_TASK TO COMPLETE_. The result should be an exact copy of only the lines from the one holding "Abstract Aerial Art Plakát, Obraz" through the last line of the data below, please, without pictures.

_INFORMATION SUPPLIED_.
☆ ☆ ☆ ☆ ☆ ☆ ☆

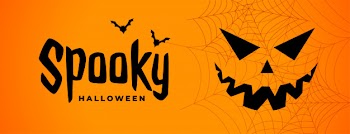 Spooky halloween scary banner with ghost face Free Vector
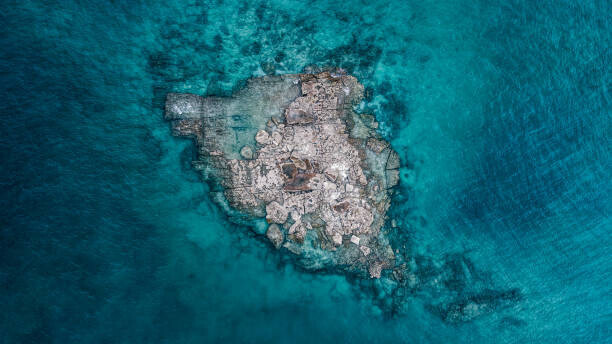 Abstract Aerial Art Plakát, Obraz - Drone shot of a rocky island, Broome, Australia, Abstract Aerial Art, 40 × 22.2 cm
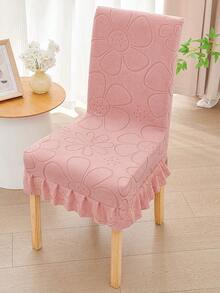 1 件带裙边的毛绒弹性椅套，通用餐椅椅套 - 彩色 - 查看 10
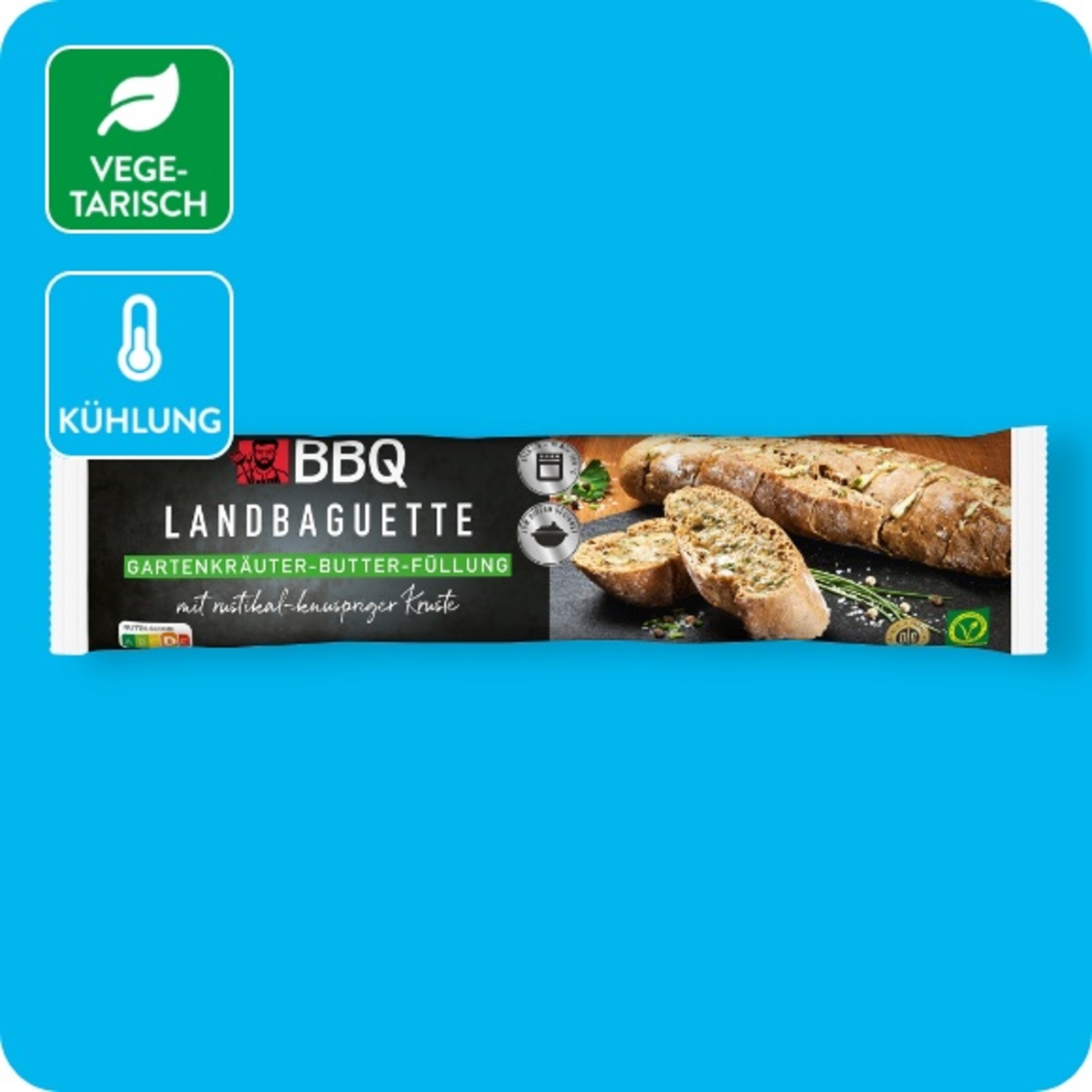 BBQ Landbaguette , Mit Garten oder Paprikakräuterbutter von ALDI SÜD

☆ ☆ ☆ ☆ ☆ ☆ ☆

_RESPONSE BOX_.
 Abstract Aerial Art Plakát, Obraz - Drone shot of a rocky island, Broome, Australia, Abstract Aerial Art, 40 × 22.2 cm
 1 件带裙边的毛绒弹性椅套，通用餐椅椅套 - 彩色 - 查看 10
 BBQ Landbaguette , Mit Garten oder Paprikakräuterbutter von ALDI SÜD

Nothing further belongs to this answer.